Home Office figures show Essex Police recorded 661 metal thefts in the year to March – a decrease of 25 per cent from 883 the year before.
Of those, 455 were non-infrastructure related, involving scrap metal theft or the removal of war memorial plaques.
The rest were infrastructure-related, such as the stripping of metal such as roofing lead from buildings, taking electricity or railway cables, or stealing vehicle parts.
This gave the area covered by Essex Police a rate of 3.5 thefts per 10,000 people – lower than the average of 4.9 for England and Wales.
Although there were 1,474 fewer metal theft offences across England and Wales in 2022-23 than in 2021-22, numbers have been on the rise in the last two years.
There were more than 28,400 thefts as of March, while just over 19,000 were recorded in the same period of 2020-21.

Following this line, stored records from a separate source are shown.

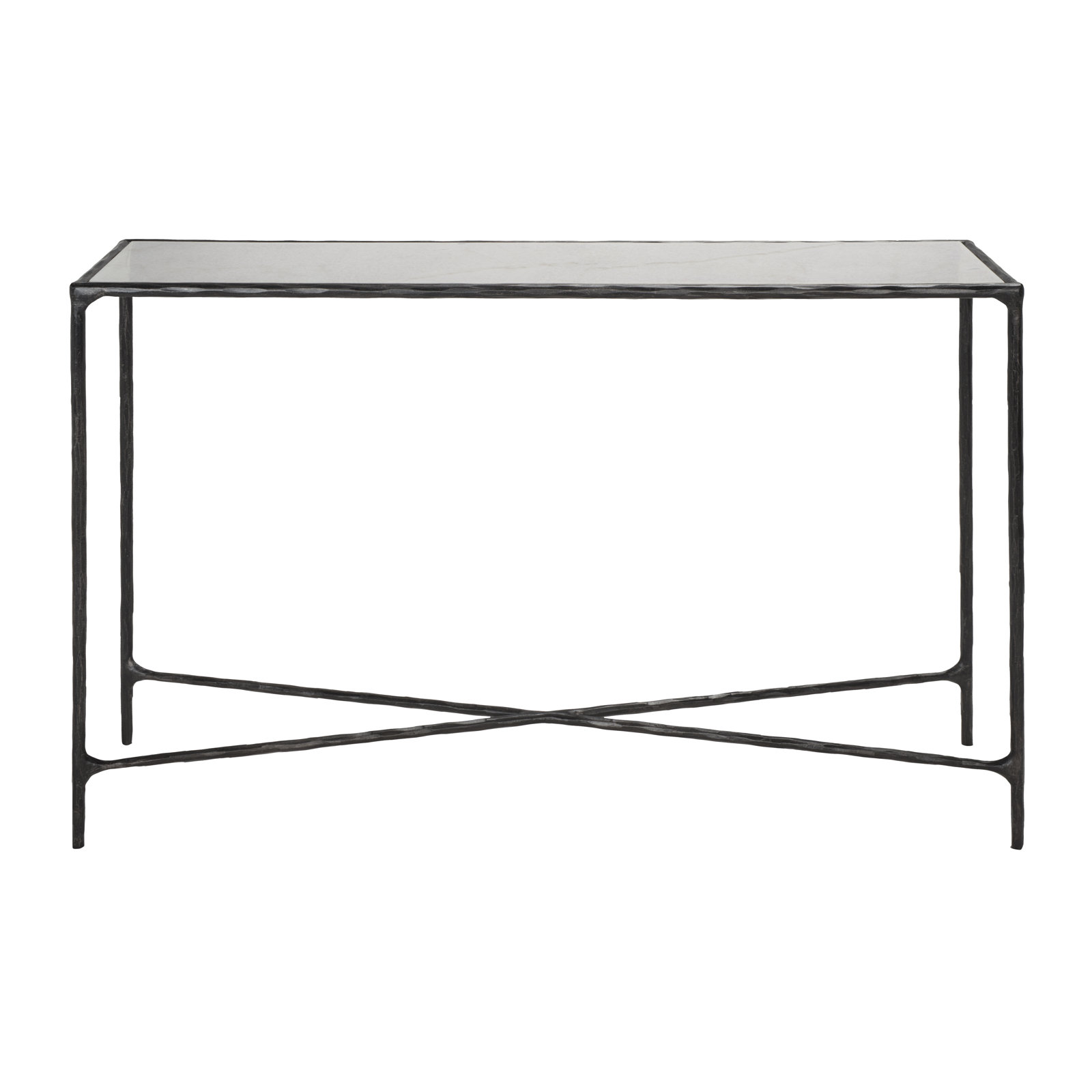 Evelynn 48'' Console Table, White Marble, Black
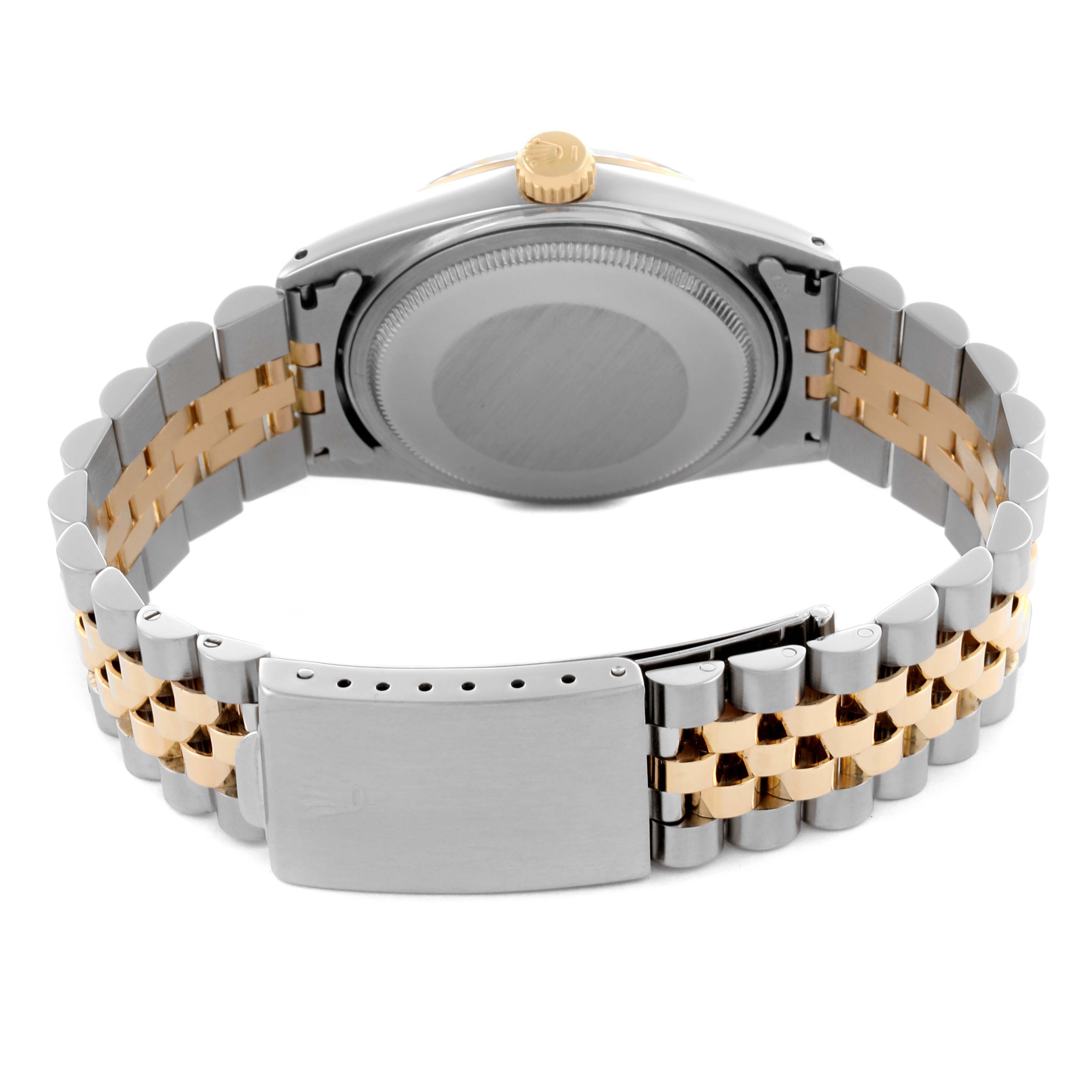 The Rolex Datejust 16013 Men's Steel and Gold (two tone) Champagne Dial 16013 Men's Steel and Gold (two tone) Champagne Dial watch is shown from the back, highlighting the case, crown, bracelet, and clasp in a two-tone design.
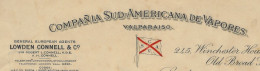 1927 NAVIGATION ENTETE Valparaiso Chili  Compania Sud Americana De Vapores London Lowdn Connels Agents V. HISTORIQUE - 1900 – 1949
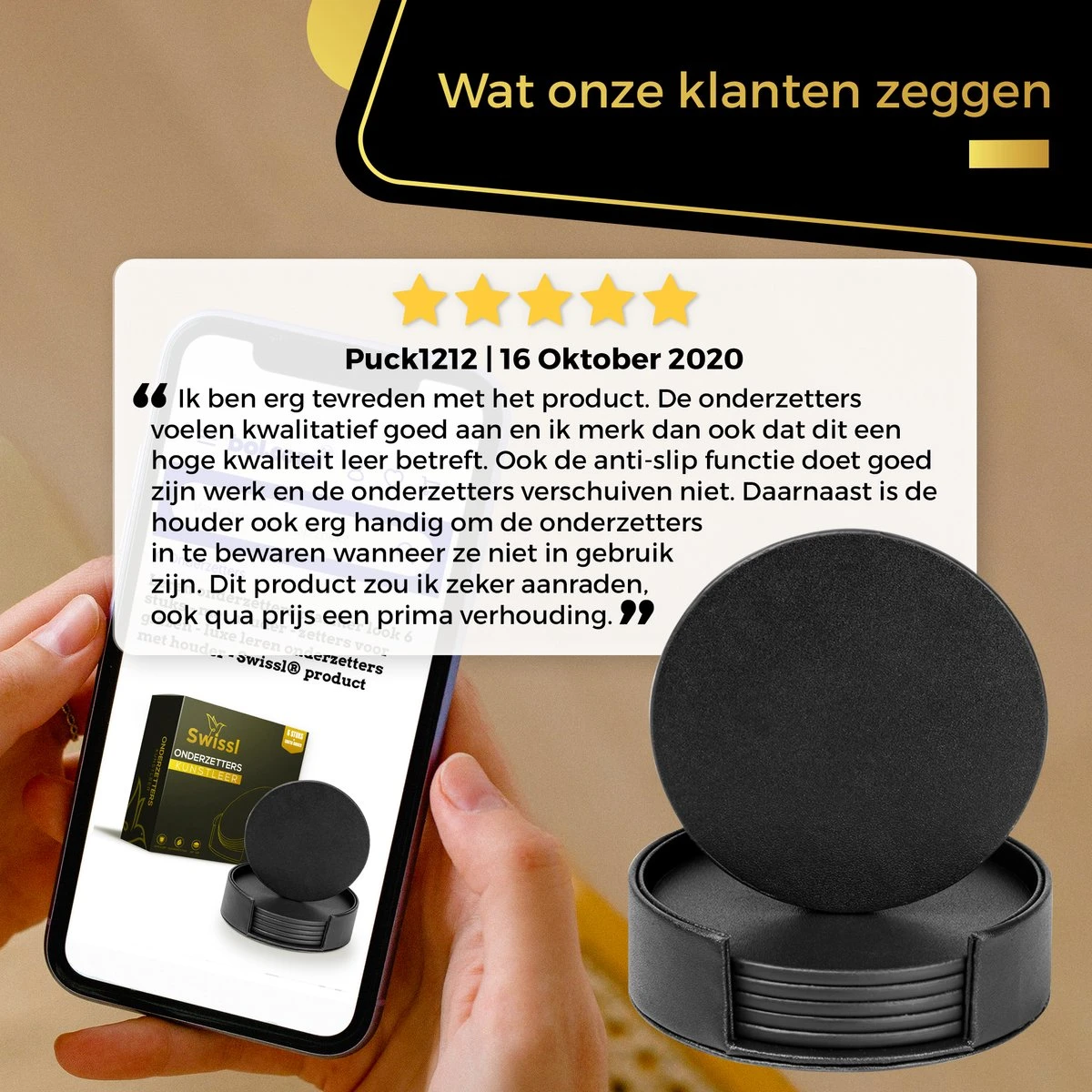 Swissl Leren Onderzetters Voor Glazen - 6 Onderleggers Met Houder - Zwarte Ronde Glasonderzetters Voor Op Tafel - Coasters - Vlak 10 Swissl Leren Onderzetters Voor Glazen - 6 Onderleggers Met Houder - Zwarte Ronde Glasonderzetters Voor Op Tafel - Coasters - Vlak - Afbeelding 8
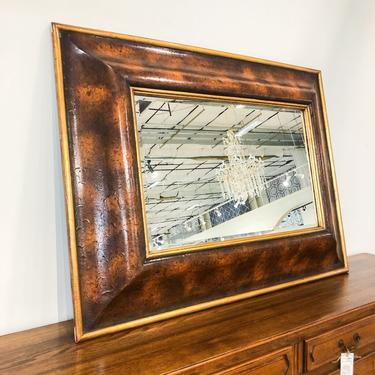 Vintage Bure Beveled Large Walnut Frame Mirror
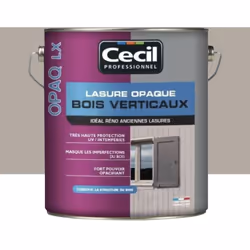 La Lasure opaque Cécil OPAQ LX Granit est une lasure opaque destinée à protéger et opacifier tous les bois verticaux intérieu ...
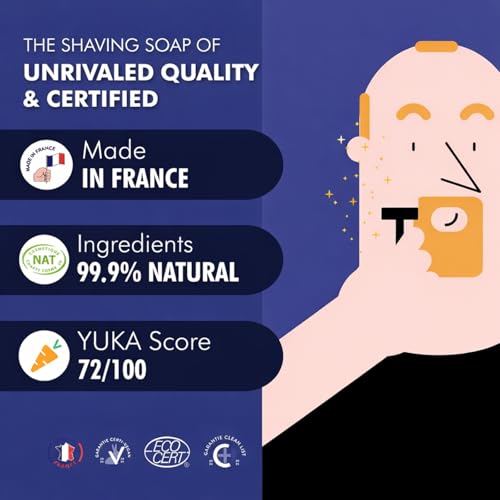 Better Shave Shaving Soap Puck | Vegan Luxury Dense, Rich & Creamy Lather Smooth Glide Traditional Wet Shave Cream Soap with Dense Lather, Grooming Routine Gifts Made in France 150ml
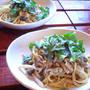 秋の和風パスタ　春菊＆たっぷりきのこ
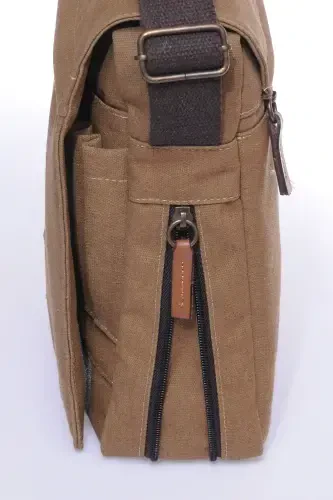 Gk12 Kanvas Pochta Yotiq Ko'ndalang Sumka Bej-BEJ - 5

Antonia Grey, of the British Metal Recycling Association, said: “Over the years, the type of theft shifted from low-value, low-volume thefts to high-value, high-volume thefts such as entire lead roofs.
“In the face of recession and economic difficulties, it is likely that the true numbers of metal thefts are far greater than those published by the ONS, which does not report all metal theft incidents.”
A Home Office spokesman said: “We are taking a zero-tolerance approach to crime and, as we recently announced, police forces across England and Wales have committed to pursuing all leads where there is a reasonable chance it could result in catching a perpetrator and solving a crime.”